Personal information
- Nationality: Italian
- Born: Giuseppe Gibilisco 1 May 1954 (age 72) Solarino, Italy
- Height: 5 ft 4 in (163 cm)
- Weight: Lightweight; Light-welterweight;

Boxing career
- Stance: Orthodox

Boxing record
- Total fights: 35
- Wins: 25
- Win by KO: 16
- Losses: 6
- Draws: 4

= Joe Gibilisco =

Italian boxer

Giuseppe "Joe" Gibilisco (born 1 May 1954) is an Italian former professional boxer who held the European lightweight title from 1981 to 1983.

==Career==
After emigrating with his family, he began his professional career in Australia with initially favorable results and then with ups and downs. On 7 October 1977 Gibilisco challenged Billy Mullholland for the Australian lightweight title, losing via points decision over fifteen rounds.

He returned to Italy in the spring of 1978, managed by Umberto Branchini, and obtaining nine victories and only one draw, against Lucio Cusma, on 11 July 1979, in Rimini.

On 10 May 1981, he defeated Charlie Nash in Dublin via sixth-round knockout (KO) to capture the European lightweight title.

He successfully defended his European title against Jose Luis Heredia, scoring a ninth-round KO on 21 October in Taormina.

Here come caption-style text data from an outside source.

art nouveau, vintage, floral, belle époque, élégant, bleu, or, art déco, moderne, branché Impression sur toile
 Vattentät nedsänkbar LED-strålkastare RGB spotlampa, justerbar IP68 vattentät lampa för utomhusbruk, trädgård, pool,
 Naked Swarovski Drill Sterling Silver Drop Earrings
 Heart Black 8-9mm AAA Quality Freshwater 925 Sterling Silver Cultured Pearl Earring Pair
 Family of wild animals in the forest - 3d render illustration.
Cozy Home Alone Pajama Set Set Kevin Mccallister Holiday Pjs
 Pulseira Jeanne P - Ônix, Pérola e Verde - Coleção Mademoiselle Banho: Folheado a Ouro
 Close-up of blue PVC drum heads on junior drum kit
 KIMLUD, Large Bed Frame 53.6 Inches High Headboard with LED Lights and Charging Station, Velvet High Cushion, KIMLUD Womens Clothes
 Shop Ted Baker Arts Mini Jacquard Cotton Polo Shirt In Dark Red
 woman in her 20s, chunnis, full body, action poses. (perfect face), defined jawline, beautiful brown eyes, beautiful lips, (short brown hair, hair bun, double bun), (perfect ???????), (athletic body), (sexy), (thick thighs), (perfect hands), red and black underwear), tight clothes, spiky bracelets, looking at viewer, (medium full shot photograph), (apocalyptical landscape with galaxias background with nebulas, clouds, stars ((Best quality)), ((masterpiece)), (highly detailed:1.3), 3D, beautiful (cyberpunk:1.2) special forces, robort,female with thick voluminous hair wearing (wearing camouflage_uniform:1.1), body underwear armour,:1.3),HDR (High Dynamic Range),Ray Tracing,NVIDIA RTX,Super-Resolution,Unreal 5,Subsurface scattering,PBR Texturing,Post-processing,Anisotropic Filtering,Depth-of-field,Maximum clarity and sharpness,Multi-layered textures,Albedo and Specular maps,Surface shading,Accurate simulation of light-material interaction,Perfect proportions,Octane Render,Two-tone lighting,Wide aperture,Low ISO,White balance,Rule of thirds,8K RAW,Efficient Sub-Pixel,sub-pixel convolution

His second defence came against Ray Cattouse on 24 February 1982, resulting in a draw after twelve rounds.
In his third defence he scored a fourth-round KO victory against José Antonio Garcia.

In Gibilisco's final fight, he lost his title against Lucio Cusma via corner retirement in the eleventh round on 17 March 1983 in Capo d 'Orlando.